Either then some means of terror more terrible than this must be discovered, or it must be owned that this restraint is useless; and that as long as poverty gives men the courage of necessity, or plenty fills them with the ambition which belongs to insolence and pride, and the other conditions of life remain each under the thraldom of some fatal and master passion, so long will the impulse never be wanting to drive men into danger. Hope also and cupidity, the one leading and the other following, the one conceiving the attempt, the other suggesting the facility of succeeding, cause the widest ruin, and, although invisible agents, are far stronger than the dangers that are seen. Fortune, too, powerfully helps the delusion and, by the unexpected aid that she sometimes lends, tempts men to venture with inferior means; and this is especially the case with communities, because the stakes played for are the highest, freedom or empire, and, when all are acting together, each man irrationally magnifies his own capacity. In fine, it is impossible to prevent, and only great simplicity can hope to prevent, human nature doing what it has once set its mind upon, by force of law or by any other deterrent force whatsoever.

What can be done?
We must not, therefore, commit ourselves to a false policy through a belief in the efficacy of the punishment of death, or exclude rebels from the hope of repentance and an early atonement of their error. … And how can it be otherwise than hurtful to us to be put to the expense of a siege, because surrender is out of the question; and if we take the city, to receive a ruined town from which we can no longer draw the revenue which forms our real strength against the enemy? We must not, therefore, sit as strict judges of the offenders to our own prejudice, but rather see how by moderate chastisements we may be enabled to benefit in future by the revenue-producing powers of our dependencies; and we must make up our minds to look for our protection not to legal terrors but to careful administration.
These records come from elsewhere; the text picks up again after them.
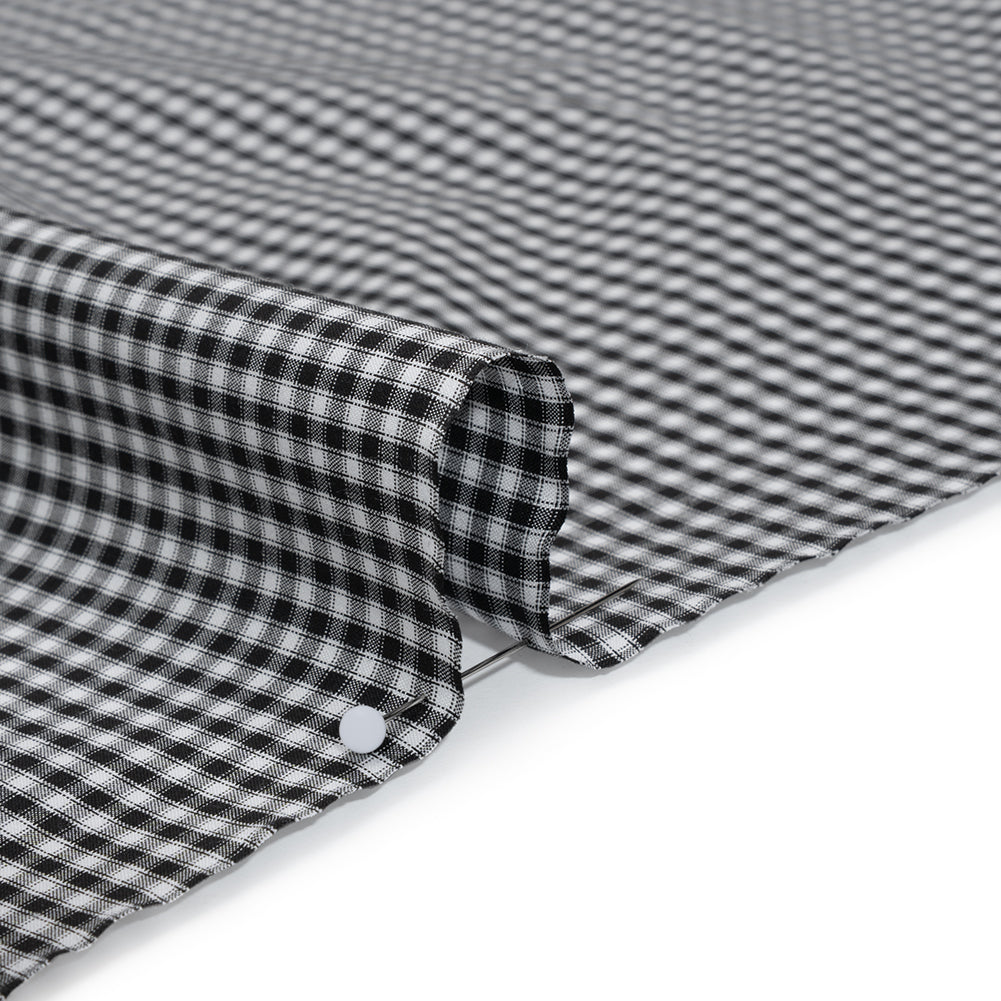 Cotton Shirting - Black and White Checks - Deadstock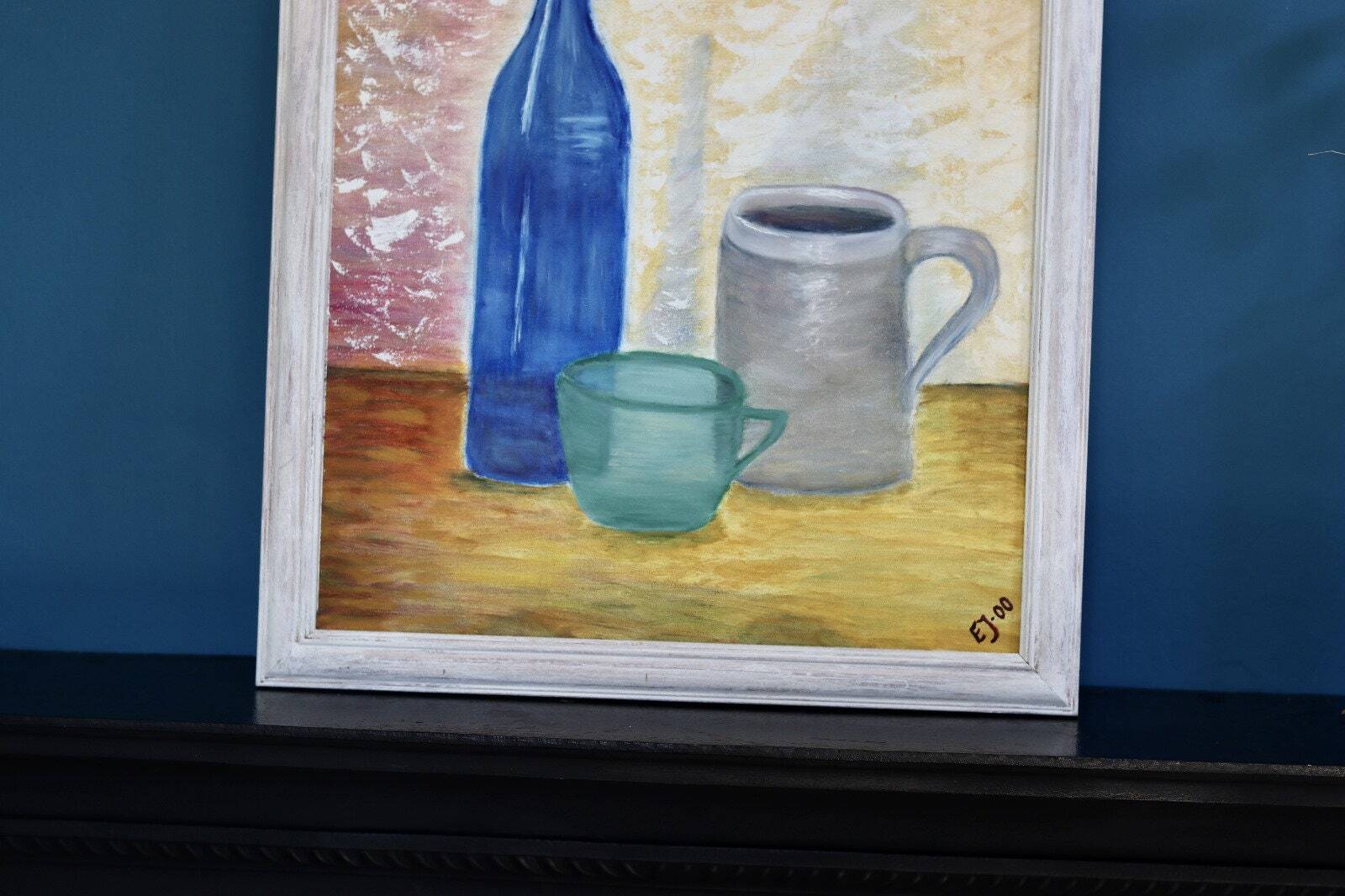 Swedish Mid-Century Oil on Canvas " Still life" Vintage and Framed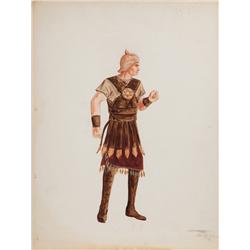 Charles Le Maire costume sketch for Gregory Peck “King David” from David and Bathsheba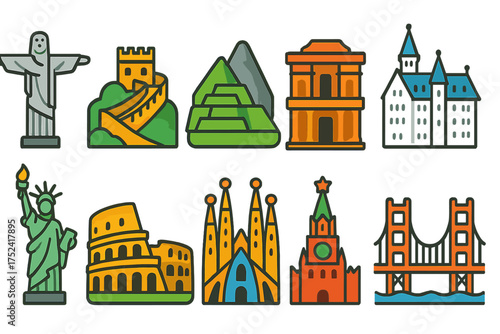 Landmark, monument filled icon set. famous buildings, tourist attractions icon collection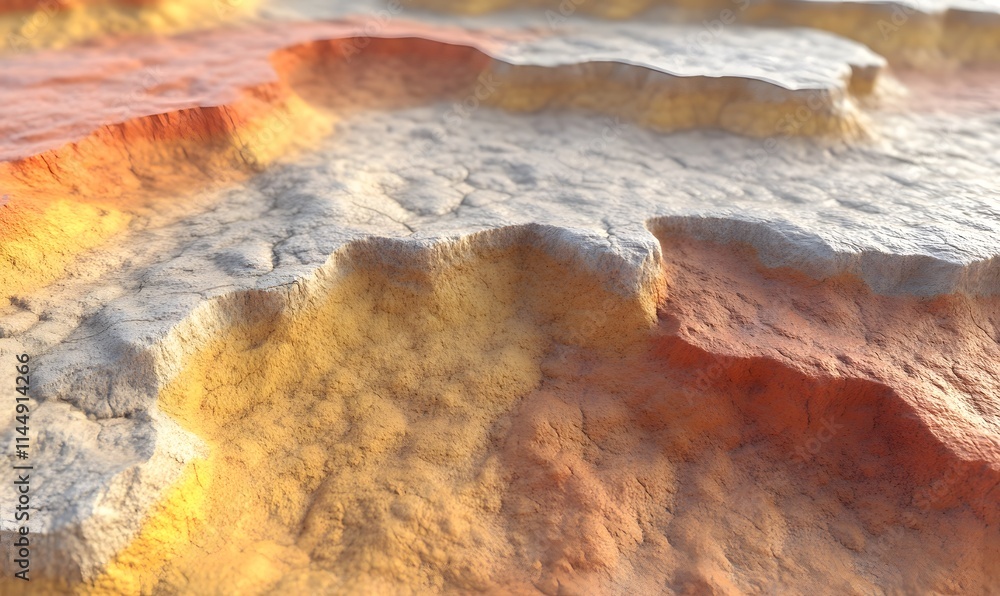Layered, eroded terrain with varied coloration. Layered, eroded terrain with varied coloration.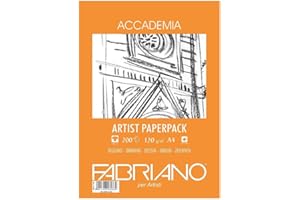 FABRIANO - ACCADEMIA Artist Paper Pack - 200 Feuilles 21x29,7 cm - 120 GSM - Blanc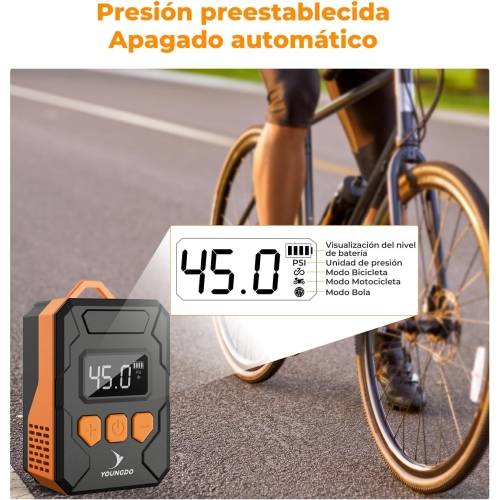 Mini-pompe de gonflage de pneus de vélo avec manomètre numérique, arrêt automatique C-Type Function. Pompe à air électrique pour vélo, motocyclettes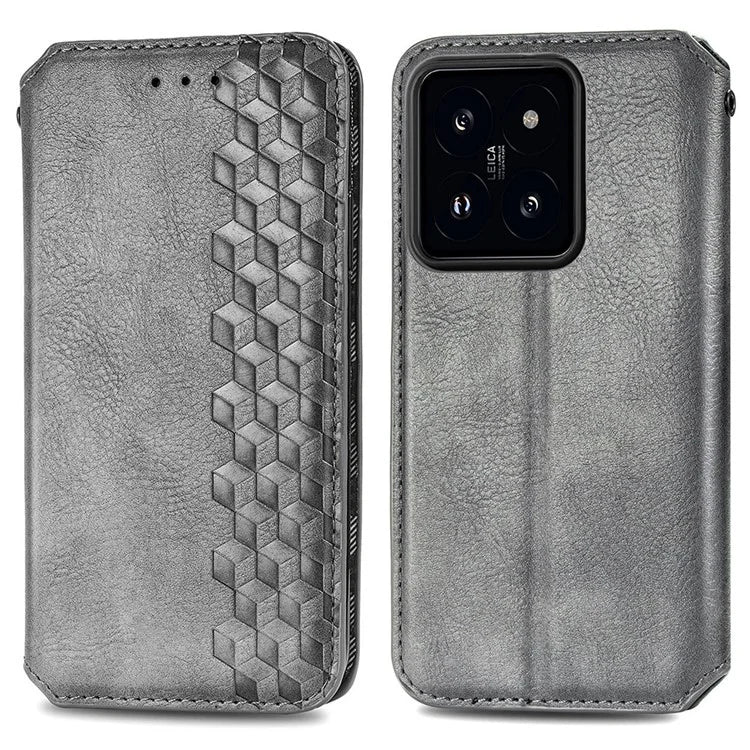 For Xiaomi 14 Magnetic Phone Case Rhombus Pattern Wallet Card Holder Cover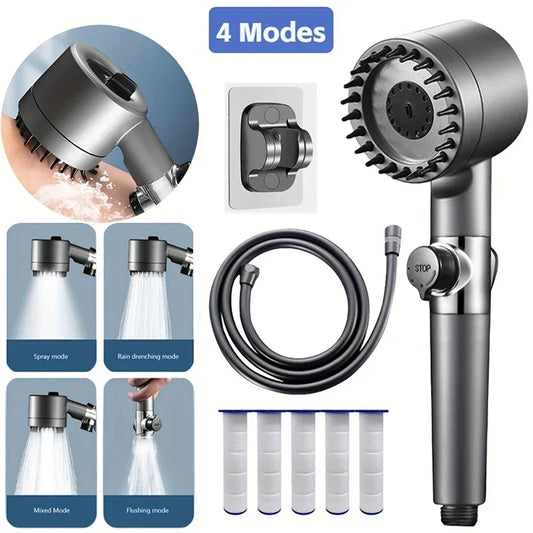 4 Modes Shower High Pressure Massage Shower Head With Filter Element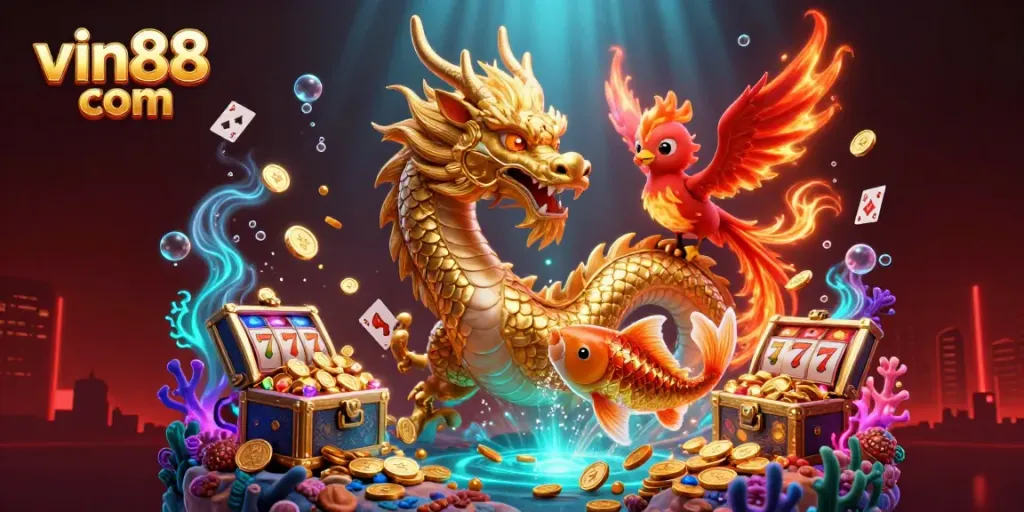 Engage with exciting slots at vin88 com amid dynamic casino visuals featuring a golden dragon.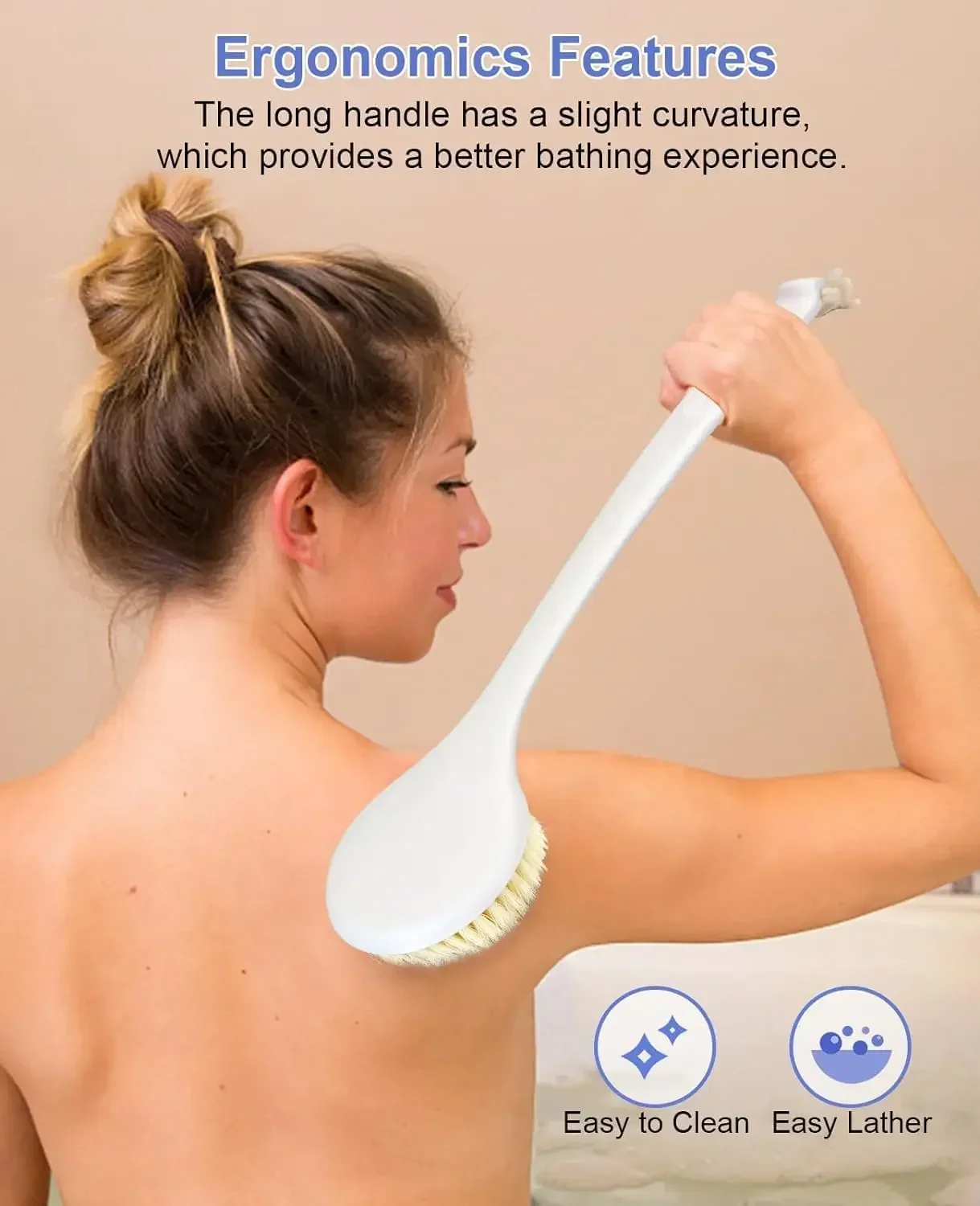 Soft Bristle Bath Brush with Long Handle - Back Scrubber Shower Brush for Men And Women Efficient Cleaning thumbnail 5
This is the point at which many readers become unhappy, as the argument Diodotus puts forward appears to concentrate on base utility. Indeed, within the rhetorical framework available to him, which includes the nature and emotional state of his audience, this may have been his only clear course. But from the modern standpoint, I think it also holds up if we think thusly: If you no longer have an option that deters crime, then you are better off concentrating on containing it. And, if you no longer have a means for addressing the moral state of the criminal, then you are better off opting for a course that best satisfies your own moral interests. If the death penalty cannot deter others from killing, then you yourself might as well adopt the course that preserves your own moral state, and not kill.